A new Python-based RAT employs advanced polymorphic and self-modifying techniques, altering its code signature with each execution to evade detection. The RAT uses functions like self_modifying_wrapper(), decrypt_and_execute(), and polymorph_code() for on-the-fly mutation, leveraging Python’s introspection and serialization capabilities. The malware wraps critical code in a self-modifying layer, encrypts and decrypts code using XOR encryption, and executes it from memory, bypassing traditional file-based scanning. The polymorph_code() function introduces random junk code, renames variables, shuffles functions, and injects no-op routines to create unique file signatures for every execution.

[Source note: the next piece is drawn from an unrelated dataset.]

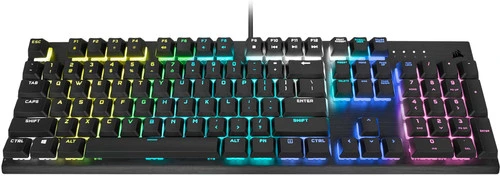 Corsair K60 RGB Pro Mechanisch Gaming Toetsenbord QWERTY 4 Corsair K60 RGB Pro Mechanisch Gaming Toetsenbord QWERTY - Afbeelding 2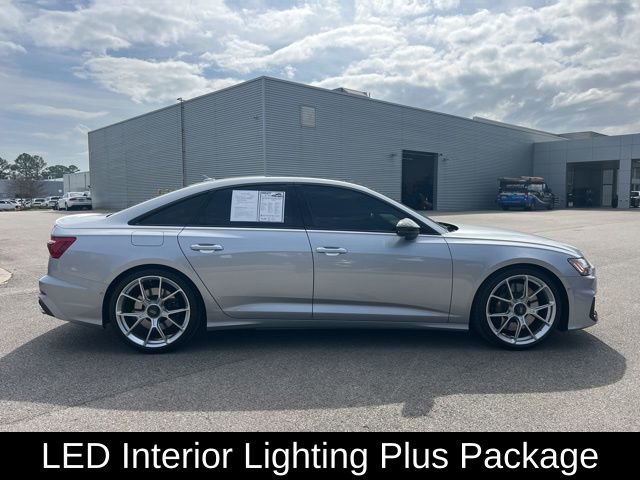 Used 2025 Audi S6 Prestige image 4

The RAT includes offensive features like network scanning, payload delivery, data theft, self-propagation, and bot command interaction via platforms like Discord and Slack.
The Vietnamese threat actor group BatShadow is conducting a new campaign targeting job seekers and digital marketing professionals using social engineering tactics to distribute a Go-based malware named "Vampire Bot." Malicious files disguised as job descriptions and corporate documents are delivered via ZIP archives containing decoy PDFs and harmful LNK or executable files. Victims are tricked into opening these files, triggering an infection chain involving PowerShell scripts to download additional payloads, including remote desktop software for persistent access. The attackers exploit browser-specific behaviors, instructing victims to use Microsoft Edge to bypass security restrictions and download malicious files.
Google has released Chrome version 141.0.7390.65/.66 to address three critical security vulnerabilities that could allow attackers to execute arbitrary code. These flaws include CVE-2025-11458, a high-severity heap buffer overflow in Chrome Sync and CVE-2025-11460, another high-severity issue involving a use-after-free error in the Storage component. Additionally, CVE-2025-11211 is a medium-severity out-of-bounds read in WebCodecs, reported by Jakob Košir. All three vulnerabilities require user interaction with specially crafted web content to be exploited, making them particularly dangerous.